## ASSIGNMENT
With the pictures left out, please return exactly the line holding "Strapless Corset Bodice" and each following line until the entries end.

====================

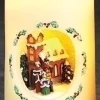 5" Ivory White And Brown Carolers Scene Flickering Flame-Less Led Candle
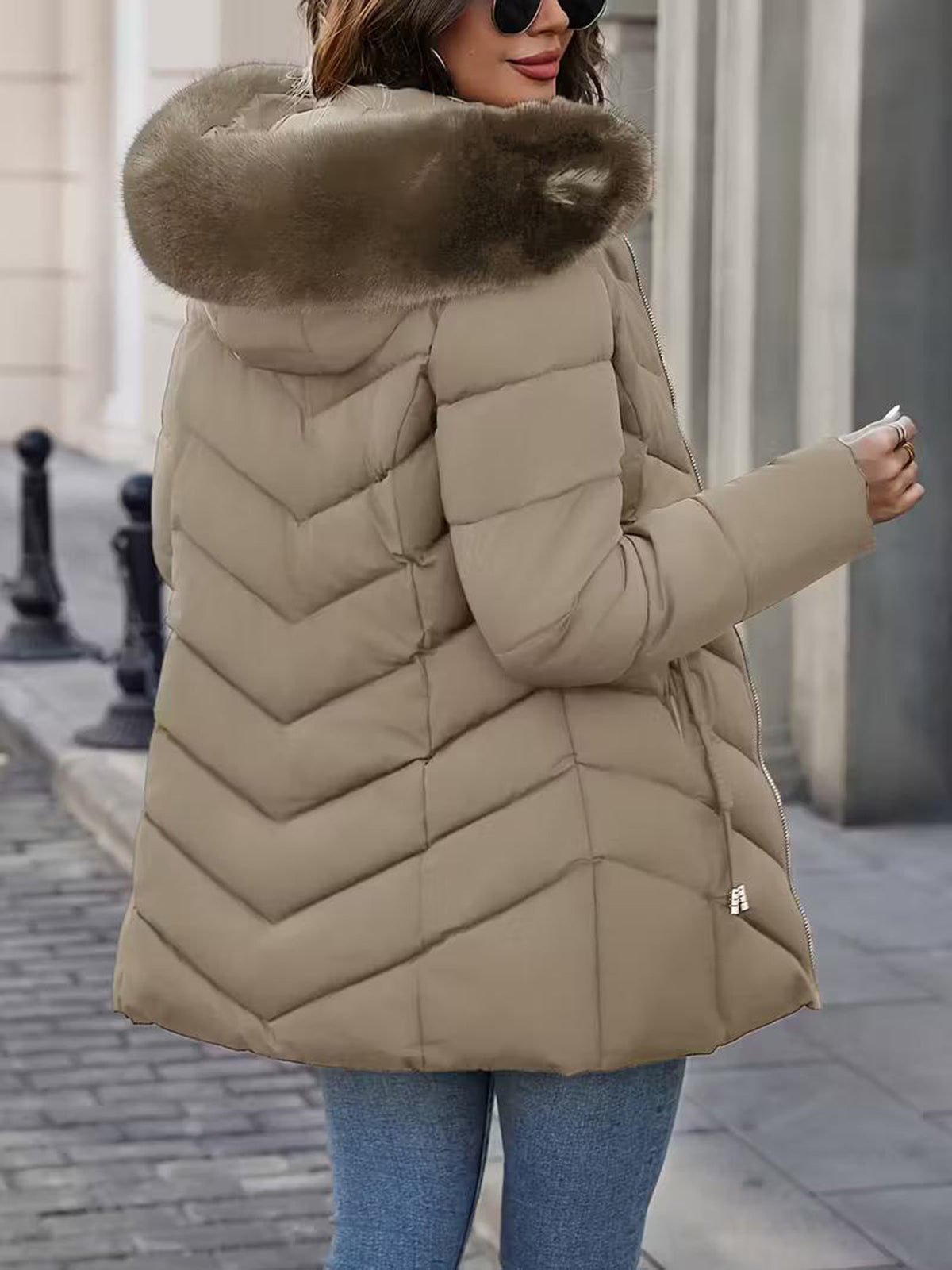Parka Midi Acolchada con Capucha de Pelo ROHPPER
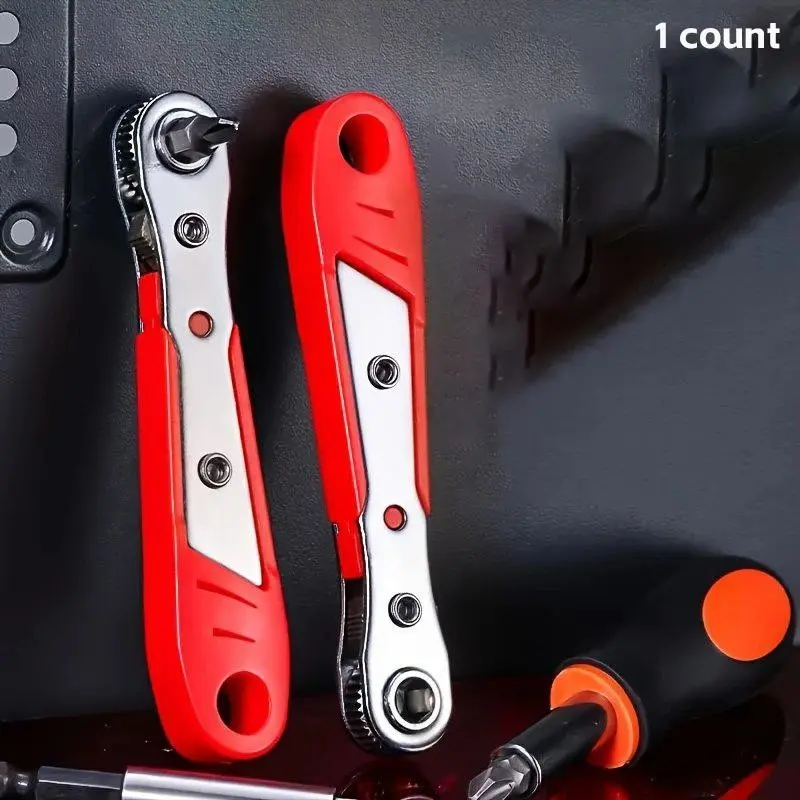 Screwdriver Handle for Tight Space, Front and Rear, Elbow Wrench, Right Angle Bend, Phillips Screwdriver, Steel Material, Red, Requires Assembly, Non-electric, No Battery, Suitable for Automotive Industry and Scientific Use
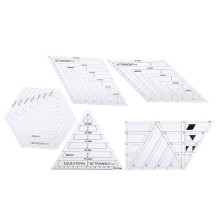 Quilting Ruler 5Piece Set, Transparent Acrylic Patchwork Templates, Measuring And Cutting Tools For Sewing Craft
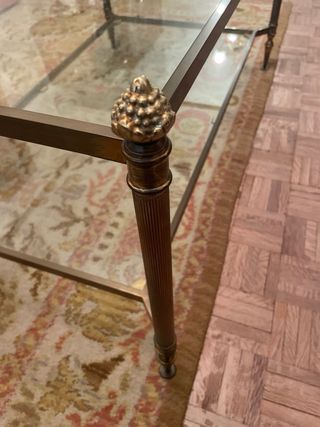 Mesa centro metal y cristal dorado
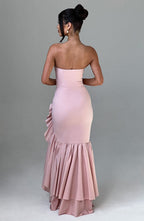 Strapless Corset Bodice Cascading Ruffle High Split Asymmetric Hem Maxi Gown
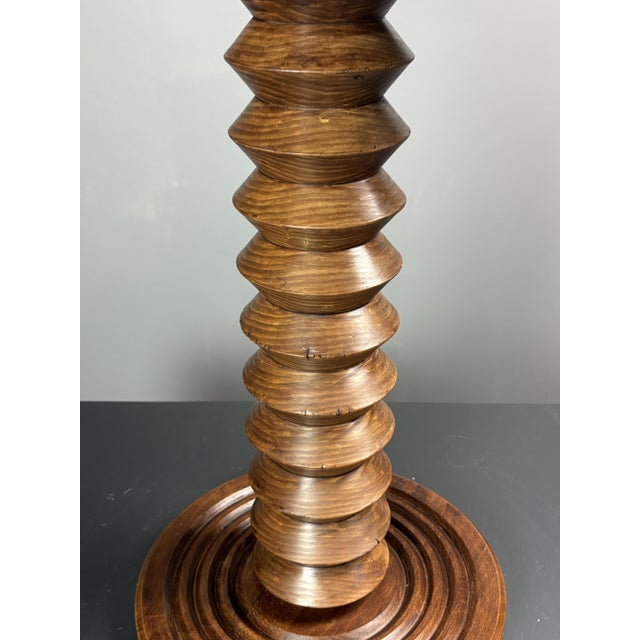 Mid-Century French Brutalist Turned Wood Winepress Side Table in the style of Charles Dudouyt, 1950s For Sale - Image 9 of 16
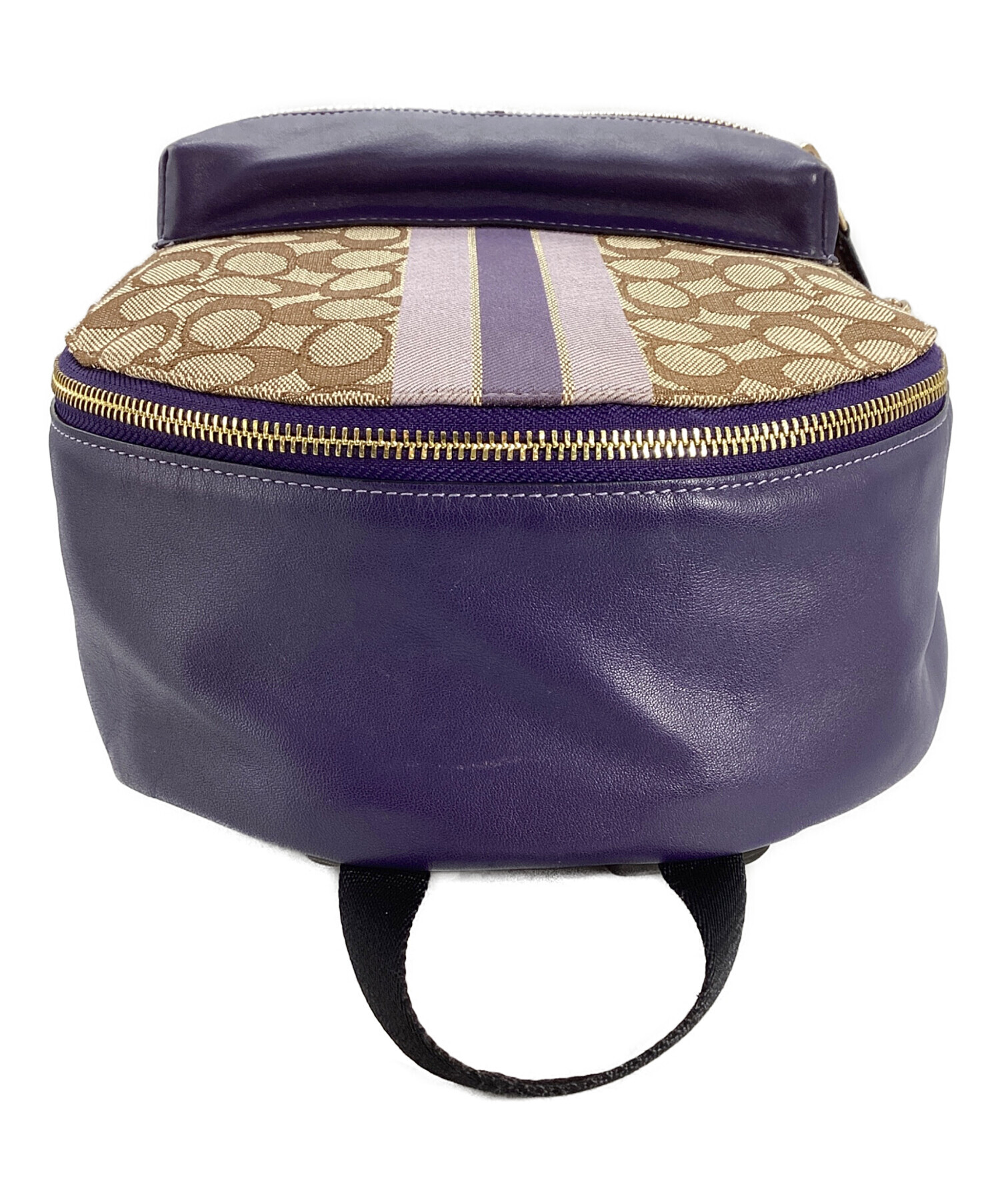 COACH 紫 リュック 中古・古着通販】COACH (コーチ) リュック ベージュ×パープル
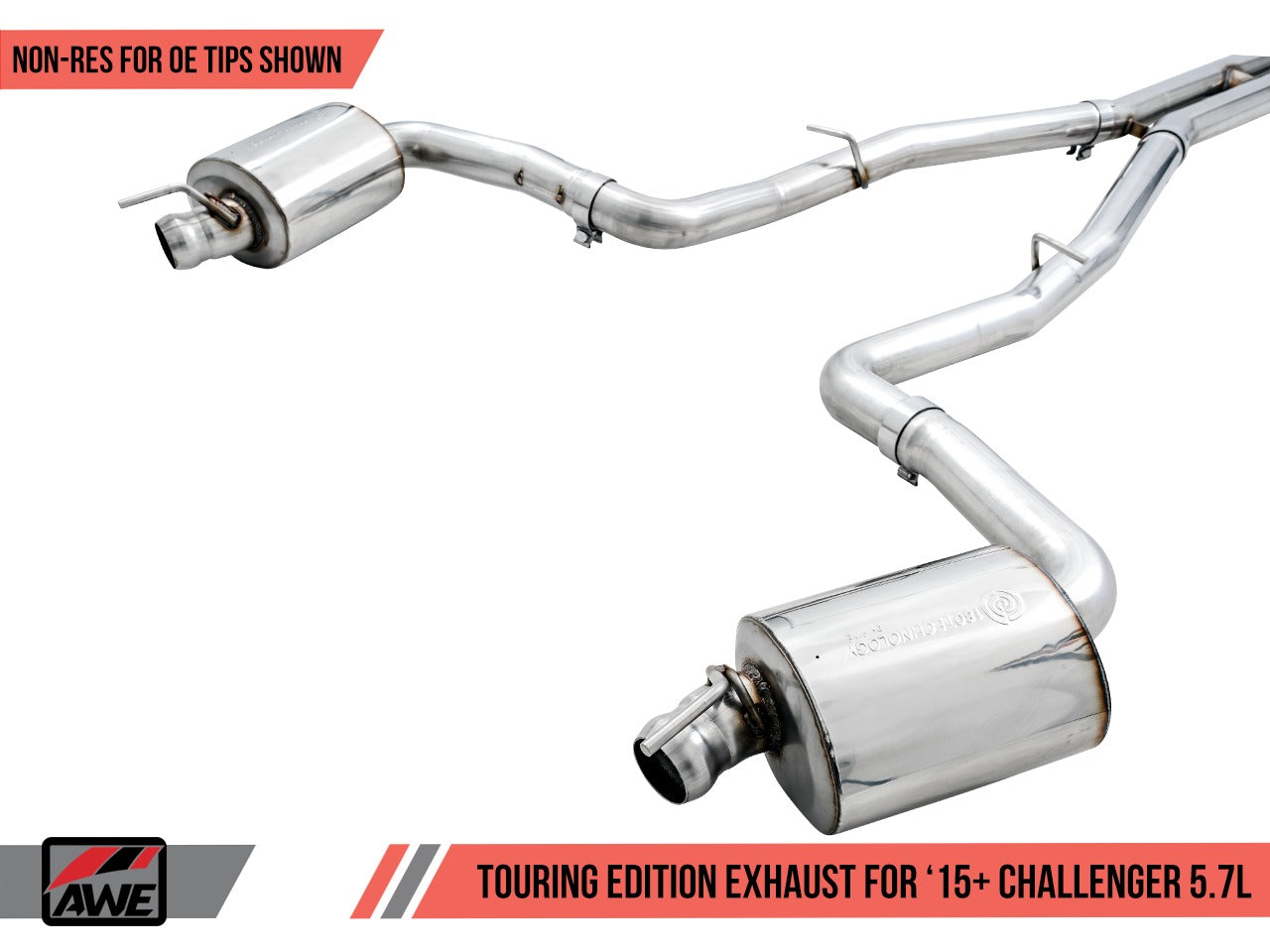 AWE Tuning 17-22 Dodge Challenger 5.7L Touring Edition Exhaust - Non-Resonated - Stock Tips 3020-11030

====================

## OUTPUT OF THE EXERCISE
 Strapless Corset Bodice Cascading Ruffle High Split Asymmetric Hem Maxi Gown
 Mid-Century French Brutalist Turned Wood Winepress Side Table in the style of Charles Dudouyt, 1950s For Sale - Image 9 of 16
 COACH 紫 リュック 中古・古着通販】COACH (コーチ) リュック ベージュ×パープル
 AWE Tuning 17-22 Dodge Challenger 5.7L Touring Edition Exhaust - Non-Resonated - Stock Tips 3020-11030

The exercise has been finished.